### Prompt
The required result is every line of the records that includes "Modern".

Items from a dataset
=======
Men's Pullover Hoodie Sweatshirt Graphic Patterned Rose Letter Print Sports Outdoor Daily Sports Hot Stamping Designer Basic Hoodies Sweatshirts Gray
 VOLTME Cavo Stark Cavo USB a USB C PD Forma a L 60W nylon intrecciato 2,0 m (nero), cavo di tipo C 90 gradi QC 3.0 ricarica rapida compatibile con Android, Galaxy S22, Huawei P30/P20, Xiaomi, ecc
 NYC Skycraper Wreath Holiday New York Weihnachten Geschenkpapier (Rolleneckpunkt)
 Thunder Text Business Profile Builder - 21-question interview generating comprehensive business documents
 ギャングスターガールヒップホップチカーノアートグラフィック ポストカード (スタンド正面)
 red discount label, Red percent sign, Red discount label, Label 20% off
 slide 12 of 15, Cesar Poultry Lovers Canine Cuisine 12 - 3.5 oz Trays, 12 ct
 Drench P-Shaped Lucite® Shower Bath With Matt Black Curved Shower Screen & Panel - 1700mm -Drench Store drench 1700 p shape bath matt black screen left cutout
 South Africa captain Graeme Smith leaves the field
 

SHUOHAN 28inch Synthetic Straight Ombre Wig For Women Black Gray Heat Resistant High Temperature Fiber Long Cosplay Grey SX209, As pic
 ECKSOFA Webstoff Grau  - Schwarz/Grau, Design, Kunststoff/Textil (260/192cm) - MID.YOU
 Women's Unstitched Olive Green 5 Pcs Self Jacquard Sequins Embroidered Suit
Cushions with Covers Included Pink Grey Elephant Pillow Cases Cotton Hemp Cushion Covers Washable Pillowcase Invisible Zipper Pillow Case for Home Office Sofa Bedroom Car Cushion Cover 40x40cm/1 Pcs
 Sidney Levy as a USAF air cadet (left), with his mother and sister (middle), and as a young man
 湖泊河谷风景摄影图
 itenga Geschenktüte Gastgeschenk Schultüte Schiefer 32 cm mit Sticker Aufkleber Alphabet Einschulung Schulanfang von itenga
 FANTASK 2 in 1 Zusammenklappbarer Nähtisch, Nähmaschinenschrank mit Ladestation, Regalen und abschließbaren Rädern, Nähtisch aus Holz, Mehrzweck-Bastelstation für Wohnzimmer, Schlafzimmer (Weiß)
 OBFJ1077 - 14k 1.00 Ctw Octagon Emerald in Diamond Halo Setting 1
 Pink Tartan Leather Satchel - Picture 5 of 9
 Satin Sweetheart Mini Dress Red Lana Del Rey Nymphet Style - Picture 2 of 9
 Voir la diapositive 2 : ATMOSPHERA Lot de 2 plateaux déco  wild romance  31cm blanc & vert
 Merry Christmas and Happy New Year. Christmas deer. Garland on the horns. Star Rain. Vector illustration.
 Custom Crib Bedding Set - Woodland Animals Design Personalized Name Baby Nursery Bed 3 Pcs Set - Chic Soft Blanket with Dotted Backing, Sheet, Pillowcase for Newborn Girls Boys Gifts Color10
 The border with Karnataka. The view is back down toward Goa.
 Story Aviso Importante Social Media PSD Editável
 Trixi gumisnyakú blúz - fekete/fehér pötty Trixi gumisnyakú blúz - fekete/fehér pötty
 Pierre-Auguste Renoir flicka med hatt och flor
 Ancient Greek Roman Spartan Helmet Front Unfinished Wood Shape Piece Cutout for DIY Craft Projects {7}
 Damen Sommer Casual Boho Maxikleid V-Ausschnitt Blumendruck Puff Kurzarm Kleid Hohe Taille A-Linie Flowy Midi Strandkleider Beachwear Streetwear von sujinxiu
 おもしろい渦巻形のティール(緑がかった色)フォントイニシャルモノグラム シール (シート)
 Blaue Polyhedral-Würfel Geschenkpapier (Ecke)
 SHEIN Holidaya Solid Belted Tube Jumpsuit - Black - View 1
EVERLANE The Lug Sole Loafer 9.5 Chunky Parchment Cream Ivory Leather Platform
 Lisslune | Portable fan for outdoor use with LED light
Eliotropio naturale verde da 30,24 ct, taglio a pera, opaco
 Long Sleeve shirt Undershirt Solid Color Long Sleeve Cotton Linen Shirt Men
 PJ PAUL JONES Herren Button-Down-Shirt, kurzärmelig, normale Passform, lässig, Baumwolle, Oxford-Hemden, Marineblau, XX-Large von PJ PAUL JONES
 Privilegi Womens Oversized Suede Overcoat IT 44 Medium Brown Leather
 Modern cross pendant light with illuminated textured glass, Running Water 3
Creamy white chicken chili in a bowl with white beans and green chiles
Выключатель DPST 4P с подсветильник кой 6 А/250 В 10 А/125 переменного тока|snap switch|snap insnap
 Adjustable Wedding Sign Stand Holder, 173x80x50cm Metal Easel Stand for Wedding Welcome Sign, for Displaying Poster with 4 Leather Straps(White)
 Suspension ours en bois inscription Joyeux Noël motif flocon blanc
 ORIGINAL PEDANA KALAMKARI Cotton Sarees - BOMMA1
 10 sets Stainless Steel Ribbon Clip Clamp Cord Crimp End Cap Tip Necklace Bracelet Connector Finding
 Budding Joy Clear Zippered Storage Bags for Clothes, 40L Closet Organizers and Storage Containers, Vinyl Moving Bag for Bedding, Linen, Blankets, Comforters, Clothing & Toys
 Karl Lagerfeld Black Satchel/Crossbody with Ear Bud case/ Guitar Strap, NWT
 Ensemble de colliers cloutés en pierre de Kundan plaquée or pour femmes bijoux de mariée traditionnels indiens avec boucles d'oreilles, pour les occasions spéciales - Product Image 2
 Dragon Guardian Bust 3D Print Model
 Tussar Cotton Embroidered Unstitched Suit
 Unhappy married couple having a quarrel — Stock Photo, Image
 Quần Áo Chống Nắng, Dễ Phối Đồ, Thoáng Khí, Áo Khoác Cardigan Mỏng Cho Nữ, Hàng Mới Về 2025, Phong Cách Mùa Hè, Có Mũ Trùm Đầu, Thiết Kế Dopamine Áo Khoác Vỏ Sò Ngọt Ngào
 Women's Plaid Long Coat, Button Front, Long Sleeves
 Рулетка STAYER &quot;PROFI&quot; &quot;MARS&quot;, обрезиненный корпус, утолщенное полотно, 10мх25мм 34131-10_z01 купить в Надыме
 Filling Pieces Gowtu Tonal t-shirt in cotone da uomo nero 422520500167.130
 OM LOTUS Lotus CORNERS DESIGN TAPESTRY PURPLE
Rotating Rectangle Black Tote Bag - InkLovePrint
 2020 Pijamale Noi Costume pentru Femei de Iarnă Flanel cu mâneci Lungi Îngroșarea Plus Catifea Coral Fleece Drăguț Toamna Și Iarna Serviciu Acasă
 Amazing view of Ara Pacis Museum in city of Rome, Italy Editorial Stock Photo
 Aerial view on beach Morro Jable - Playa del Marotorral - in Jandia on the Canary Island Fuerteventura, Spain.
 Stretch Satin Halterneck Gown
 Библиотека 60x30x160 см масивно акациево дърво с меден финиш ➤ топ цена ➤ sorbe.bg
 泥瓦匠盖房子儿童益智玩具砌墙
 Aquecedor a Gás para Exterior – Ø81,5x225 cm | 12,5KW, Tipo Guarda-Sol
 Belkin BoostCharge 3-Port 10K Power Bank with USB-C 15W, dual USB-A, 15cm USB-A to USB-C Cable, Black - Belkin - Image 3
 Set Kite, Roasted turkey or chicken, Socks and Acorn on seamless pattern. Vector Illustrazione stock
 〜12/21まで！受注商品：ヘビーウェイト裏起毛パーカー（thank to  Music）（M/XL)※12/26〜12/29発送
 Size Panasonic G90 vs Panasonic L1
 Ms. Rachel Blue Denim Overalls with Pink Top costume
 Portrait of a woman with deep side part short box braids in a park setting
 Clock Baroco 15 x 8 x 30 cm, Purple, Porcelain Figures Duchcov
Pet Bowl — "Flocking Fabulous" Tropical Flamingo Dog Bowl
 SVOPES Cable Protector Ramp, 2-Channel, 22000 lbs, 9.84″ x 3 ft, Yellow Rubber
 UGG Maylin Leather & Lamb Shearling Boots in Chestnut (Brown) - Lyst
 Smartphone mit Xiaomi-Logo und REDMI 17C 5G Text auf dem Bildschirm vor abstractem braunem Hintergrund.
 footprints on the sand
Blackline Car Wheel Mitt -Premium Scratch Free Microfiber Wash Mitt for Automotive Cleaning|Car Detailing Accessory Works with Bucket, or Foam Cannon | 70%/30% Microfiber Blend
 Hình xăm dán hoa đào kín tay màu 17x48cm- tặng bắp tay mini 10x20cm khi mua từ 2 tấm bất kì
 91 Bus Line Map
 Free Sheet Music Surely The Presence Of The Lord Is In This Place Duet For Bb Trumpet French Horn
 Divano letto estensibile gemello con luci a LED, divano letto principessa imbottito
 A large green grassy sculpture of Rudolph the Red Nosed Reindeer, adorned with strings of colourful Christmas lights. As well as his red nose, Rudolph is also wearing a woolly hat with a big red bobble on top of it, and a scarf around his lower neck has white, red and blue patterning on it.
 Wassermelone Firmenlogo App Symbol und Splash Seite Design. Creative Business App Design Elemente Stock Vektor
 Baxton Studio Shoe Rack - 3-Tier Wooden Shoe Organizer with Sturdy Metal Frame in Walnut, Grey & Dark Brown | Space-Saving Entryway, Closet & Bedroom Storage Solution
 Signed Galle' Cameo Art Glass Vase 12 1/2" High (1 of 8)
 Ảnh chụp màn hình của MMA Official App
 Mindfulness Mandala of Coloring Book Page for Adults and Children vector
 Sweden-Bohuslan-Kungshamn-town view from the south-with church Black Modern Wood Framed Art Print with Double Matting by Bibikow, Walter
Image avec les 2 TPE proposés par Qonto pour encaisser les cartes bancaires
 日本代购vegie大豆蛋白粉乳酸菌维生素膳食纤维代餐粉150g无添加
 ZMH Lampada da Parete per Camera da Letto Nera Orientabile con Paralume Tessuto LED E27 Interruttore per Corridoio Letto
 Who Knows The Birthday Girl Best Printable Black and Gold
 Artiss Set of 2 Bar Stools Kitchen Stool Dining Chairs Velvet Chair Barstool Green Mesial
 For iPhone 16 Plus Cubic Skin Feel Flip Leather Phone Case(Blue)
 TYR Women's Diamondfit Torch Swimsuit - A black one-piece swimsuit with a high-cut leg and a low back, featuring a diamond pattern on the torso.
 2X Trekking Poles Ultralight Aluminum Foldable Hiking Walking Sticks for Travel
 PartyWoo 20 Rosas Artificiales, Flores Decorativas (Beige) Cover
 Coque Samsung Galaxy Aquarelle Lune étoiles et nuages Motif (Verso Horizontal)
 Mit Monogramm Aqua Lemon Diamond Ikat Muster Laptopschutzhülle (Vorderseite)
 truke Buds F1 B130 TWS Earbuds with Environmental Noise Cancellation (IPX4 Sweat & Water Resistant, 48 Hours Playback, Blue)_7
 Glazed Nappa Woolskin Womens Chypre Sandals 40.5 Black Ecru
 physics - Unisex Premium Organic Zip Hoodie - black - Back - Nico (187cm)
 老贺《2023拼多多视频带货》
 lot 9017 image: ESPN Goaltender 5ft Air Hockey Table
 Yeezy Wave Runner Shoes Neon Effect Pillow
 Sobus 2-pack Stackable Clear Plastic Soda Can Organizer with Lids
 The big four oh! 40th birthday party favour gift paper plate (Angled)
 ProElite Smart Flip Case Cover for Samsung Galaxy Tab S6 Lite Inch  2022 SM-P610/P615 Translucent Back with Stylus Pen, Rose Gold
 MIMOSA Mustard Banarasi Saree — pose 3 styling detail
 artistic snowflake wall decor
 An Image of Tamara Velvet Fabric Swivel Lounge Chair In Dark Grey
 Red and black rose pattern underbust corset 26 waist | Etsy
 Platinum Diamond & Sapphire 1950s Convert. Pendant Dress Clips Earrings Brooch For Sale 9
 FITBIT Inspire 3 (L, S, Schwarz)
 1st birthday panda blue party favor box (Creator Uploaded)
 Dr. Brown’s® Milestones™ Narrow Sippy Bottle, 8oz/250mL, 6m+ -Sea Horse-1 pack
=======
### Reply
 Modern cross pendant light with illuminated textured glass, Running Water 3
 Sweden-Bohuslan-Kungshamn-town view from the south-with church Black Modern Wood Framed Art Print with Double Matting by Bibikow, Walter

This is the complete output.